In 1984, the Almeer Group opened the first Al Muntazah Market outlet in Muharraq. The Al Muntazah footprint has been steadily extended across the country with a further ten supermarkets.

In 2013, Al Muntazah Markets expanded its non-food retail business by opening Al Muntazah Stationery in Muharraq, selling stationery products and providing photocopying services aimed at businesses, educational institutes and students.

In 2015, the company further extended its operations by opening its first Al Muntazah Express branch in Muharraq. The second express branch is due to open in the city of Rifa'a by the first quarter of 2016.

The supermarkets do not sell cigarettes; nor do they sell pork, or products containing alcohol, in line with Islamic principles.

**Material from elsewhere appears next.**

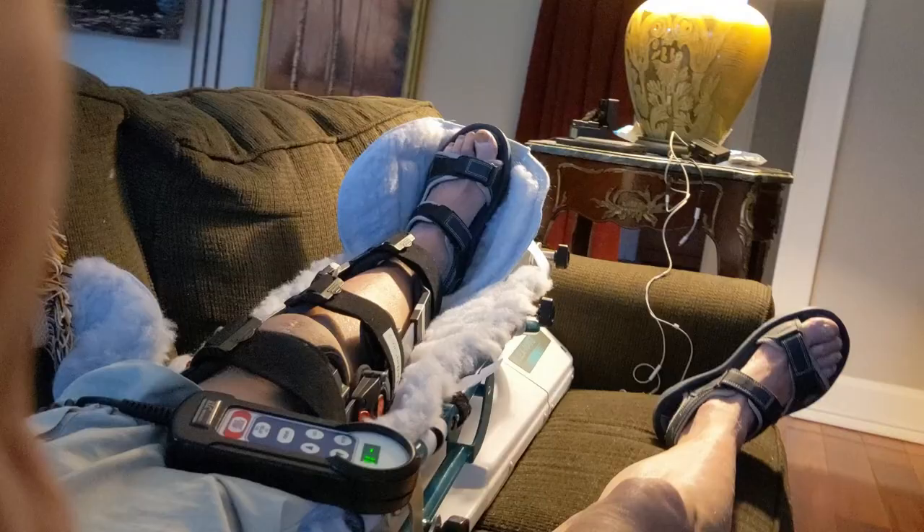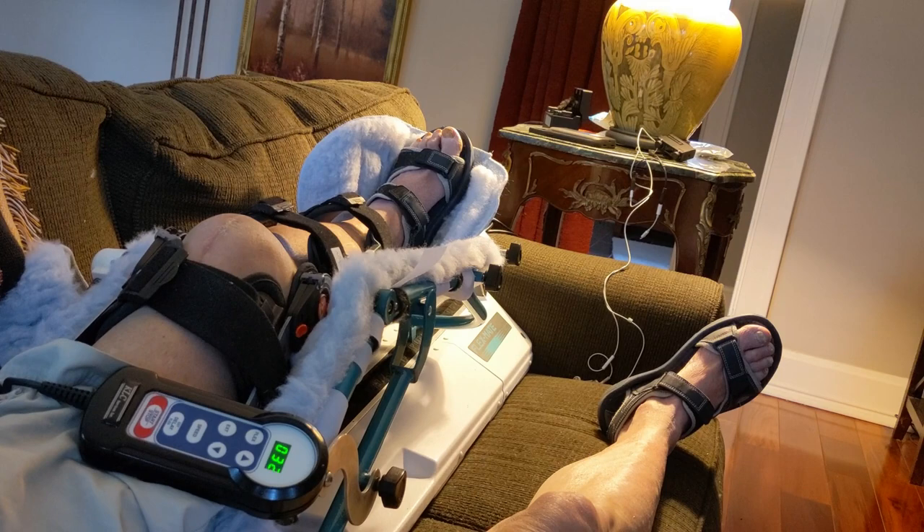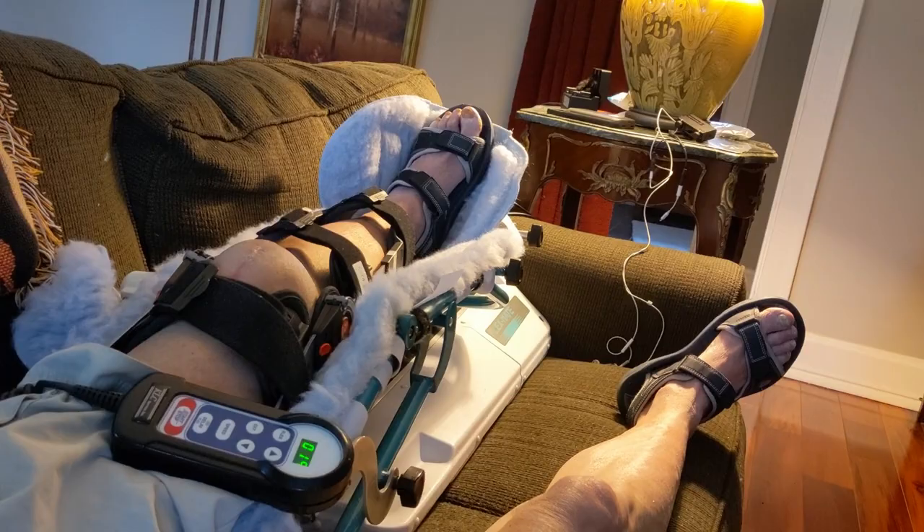My doctor prescribed a passive continuous motion machine — here's what that thing looks like. I use it three times a day, two hours per session, so six hours total a day. You can adjust that machine in two-degree increments. I like it because you have a lot of control over how much tension you're putting on the knee.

Some outlets are open 24 hours a day (Muharraq, Rifa'a and Hoora branch), depending on their location and local demand.

In 2002, the supermarket chain led a consumer boycott of American brands against Israel's hostility towards Palestinians in West Bank and the Occupied Territories.

Al Muntazah has branches in Manama, Muharraq, Kazino, Galali, Rifa'a, Arad, Hamad Town, Hoora, Sitra and Isa Town.